At $450,000, a two-bedroom-plus-den Leonard Oaks sells for less than half what people have come to expect for places with full control packages. The National Association of Home Builders reports that buyers typically spend 3 percent of a house's value on built-in technology. For a $200,000 place, that's $6,000. And the remote control castle is just beginning to go mainstream: The home-automation market - an estimated $1.5 billion business today - is expected to more than double by 2008. "It's like indoor plumbing," says Howell - something new and exciting that owners eventually took for granted. "The first time they brought the outhouse indoors it was, wow, a radical departure."
To offer this kind of automation for that little money, Howell turned to Control4, a Utah startup founded in 2003 by three veterans of the industry. Their mission: to bring home automation out of the stratosphere of costly systems and high-maintenance software and into the realm of off-the-shelf consumer electronics. Already, Control4 is forcing people who sell these systems to rethink their business. Eric Lee of Chicago installs custom setups for wealthy clients. "My average ticket is $70,000," he says. Now he's doing entire buildings, not just the penthouse units. Lee's working with a developer to add Control4-driven packages to a 70-unit, eight-story high-rise going up on the North Side. Buyers can opt for plasma TVs, built-in speakers, multiple-zone audio, and color touch panels. The kicker is the price: $200,000 to $510,000. That's median-price housing in Chicago. When the developer ("a total geek, a schnoid," says Lee) saw a PowerPoint presentation on Control4's system, he threw up his hands and said, "Finally."

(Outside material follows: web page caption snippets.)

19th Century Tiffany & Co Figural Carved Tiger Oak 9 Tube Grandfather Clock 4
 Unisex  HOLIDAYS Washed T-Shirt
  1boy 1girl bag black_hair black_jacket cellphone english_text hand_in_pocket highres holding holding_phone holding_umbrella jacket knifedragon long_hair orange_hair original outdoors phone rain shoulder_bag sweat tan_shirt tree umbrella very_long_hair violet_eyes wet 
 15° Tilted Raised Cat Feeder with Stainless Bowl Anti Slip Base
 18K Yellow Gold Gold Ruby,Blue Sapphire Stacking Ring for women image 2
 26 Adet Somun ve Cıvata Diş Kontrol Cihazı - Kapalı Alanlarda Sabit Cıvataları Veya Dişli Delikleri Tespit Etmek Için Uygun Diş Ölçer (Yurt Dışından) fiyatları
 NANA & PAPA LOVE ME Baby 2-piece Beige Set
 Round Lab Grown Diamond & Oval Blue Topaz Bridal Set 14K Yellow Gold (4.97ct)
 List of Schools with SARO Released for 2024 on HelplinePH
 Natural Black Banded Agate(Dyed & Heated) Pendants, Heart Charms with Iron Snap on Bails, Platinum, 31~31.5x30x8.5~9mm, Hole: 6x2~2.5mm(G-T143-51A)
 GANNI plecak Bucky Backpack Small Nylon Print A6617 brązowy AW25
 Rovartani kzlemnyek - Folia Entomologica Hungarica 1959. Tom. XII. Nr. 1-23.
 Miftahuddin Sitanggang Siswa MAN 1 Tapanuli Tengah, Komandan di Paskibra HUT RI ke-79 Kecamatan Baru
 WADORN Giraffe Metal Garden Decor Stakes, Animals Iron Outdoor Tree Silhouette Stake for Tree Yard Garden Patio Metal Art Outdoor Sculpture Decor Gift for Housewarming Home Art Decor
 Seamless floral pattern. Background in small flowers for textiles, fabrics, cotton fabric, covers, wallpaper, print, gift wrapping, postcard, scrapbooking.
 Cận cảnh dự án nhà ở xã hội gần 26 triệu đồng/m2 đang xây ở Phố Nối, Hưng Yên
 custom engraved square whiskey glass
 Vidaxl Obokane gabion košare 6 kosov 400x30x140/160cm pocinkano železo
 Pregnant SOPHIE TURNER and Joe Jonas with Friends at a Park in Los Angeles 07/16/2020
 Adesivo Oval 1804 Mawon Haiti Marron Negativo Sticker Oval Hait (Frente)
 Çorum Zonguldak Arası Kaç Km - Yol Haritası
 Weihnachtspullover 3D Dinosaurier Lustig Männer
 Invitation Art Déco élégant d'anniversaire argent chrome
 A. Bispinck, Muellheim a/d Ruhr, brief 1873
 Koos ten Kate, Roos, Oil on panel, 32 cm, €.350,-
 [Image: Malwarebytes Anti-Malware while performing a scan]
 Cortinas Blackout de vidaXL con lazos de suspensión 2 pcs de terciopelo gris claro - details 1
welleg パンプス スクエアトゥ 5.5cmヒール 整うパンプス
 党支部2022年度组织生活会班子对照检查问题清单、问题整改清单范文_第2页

Will West, the CEO and cofounder of Control4, has 11 thermostats and 24 audio zones in his northern Utah mansionette. He sends his five kids to bed each night with the press of a button that powers down the lights over 15 minutes and kills any nocturnal Xbox activity. Mornings begin with soft classical music that ramps up in tone and volume to a bombastic climax with John Philip Sousa. (That's one way to wake up teenagers.)
Then there was the time the house played babysitter. "It was Fourth of July, and we wanted to watch fireworks at the neighbor's - but the baby needed to sleep," says West, sitting in his office south of Salt Lake City. "I thought, why don't we have the house listen for the baby?" He rejiggered his automation system to flash the porch lights if it detected noise in the baby's room. "Even though that might sound like irresponsible parenting, the reality is we were probably watching the baby better than if we were at home."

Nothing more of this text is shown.